「耳が遠い人には動作もつける」
「目が悪い人にはシーンの説明を盛り込む」
高齢になると、目や耳が不自由になってきます。それに伴い、若い方や健康な方には想像もできないほど、いろいろな不便さが出てきます。
高齢の方に多い目の病気は、白内障や加齢黄斑変性、緑内障、糖尿病性網膜症などがあります。白内障は、とてもポピュラーな病気で、70代以上の方だとほぼ発症する病気。老人性の白内障では、薄暗い場所だと物が見えにくく、全体的にぼんやりとします。また、光がとてもまぶしく感じることもあるので、披露宴やパーティの際は要注意かもしれません。
緑内障は、ある部分だけが見えないという症状です。(視野欠損)
白内障、緑内障は、早い方で40~50代で発症することもあるので、皆様もご注意下さいね。
目が不自由な方の場合、身だしなみや食べこぼしがあってもご本人は気付きません。そのような状態であれば、さりげなく直してあげてください。
会場でのご案内は、ご本人のスピードに合わせ、かなりゆっくりめにサポートを。階段では、こまめに声掛けが必要です。
「あと2、3歩前に行きましょう」
「後ろから人が来ているので右によけましょうね。」
など、細かく具体的な声かけや誘導が必要になります。
見える範囲が決まっている方には、その範囲内に食事のセッティングしてください。
耳が聞こえにくい方を外見だけで判断することは、なかなか難しいものです。補聴器を使用されるのでは?と考えがちですが、実は皆さん補聴器を使いたがりません。理由はピーという雑音などを拾いやすくなってしまうから。
耳が聞こえにくいと、周囲の状況が分かりづらく、人にぶつかりやすいので、十分に気を付けてください。案内する際は、なるべく大きく手ぶりをつけて、視覚で分かるように説明するのがポイント。
「お化粧室はあちらです」
「座ったままでお待ちください」など、大きな手の動作を必ず入れて下さい。
声は低音が聞き取りやすいので、女性よりは男性スタッフのほうがいいかもしれません。どうしても、聞き取りづらそうな場合には、筆談が早い場合もあります。
挙式中や大事なスピーチの時は、声かけをするタイミングも要注意。
耳が遠い方は、大声になってしまう傾向にあります。厳粛な静まり返った場で、昔のコントのように、「え~!?え~!?なに~!?」となってしまうと大変です。

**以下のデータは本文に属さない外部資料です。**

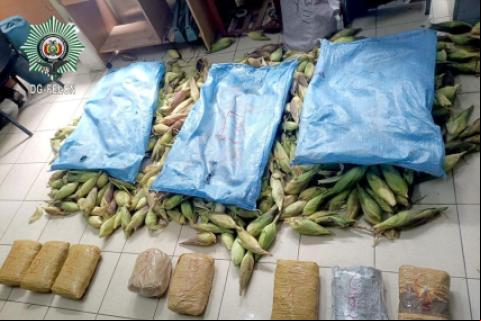 La droga estaba camuflada entre choclos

本人は状況が理解できていないこともあるので、その時は、「し~!!」という手ぶりと同時に、注目してほしいシーンを指し示しましょう。
最後に実際にあったお話を1つ。
「どうしても出たいと言うので・・」
と、少し戸惑った様子で、新婦が大好きなおばあちゃんの、式当日のサポートを当社に依頼してきたときのことです。話を聞くと、おばあちゃんはほとんど視力がなく、全く見えない状態だとか。
「結婚式に出てくれるのは嬉しいけれど、花嫁姿もお料理も、ビデオも何かも見ることができないので、つまらないかもしれない。」
新婦の心配はそこでした。
「どうしても出席したい」
とおばあちゃんの願い。
そこで、私たちの出番です。
優しそうなおばあちゃんに、当日はできる限り、場面場面で説明をしていきました。
「今、お孫さまが入場ですよ。きれいなレースのドレスですよ」
「背の高いハンサムなお婿さんですね」
「もうすぐ、指輪交換ですよ」・・・・。
一つひとつの説明に頷きながら、見えないはずの目をじっと凝らすように見つめていました。
挙式が終わり、写真撮影で新郎新婦のそばにお連れしたとき、おばあちゃんは、新郎のそばに近づき、
「どうか、どうか、この子をよろしくお願いします」
そう、囁いたのです。
じっと花婿さんに顔を向けて、しっかりと手を握って伝えていました。
その瞬間、
「ああ、どうしてもこの一言が言いたかったんだ・・。」
私たちはそう理解しました。
おばあちゃんのほっとした、安心した笑顔を見たとき、私たちは涙が止まりませんでした。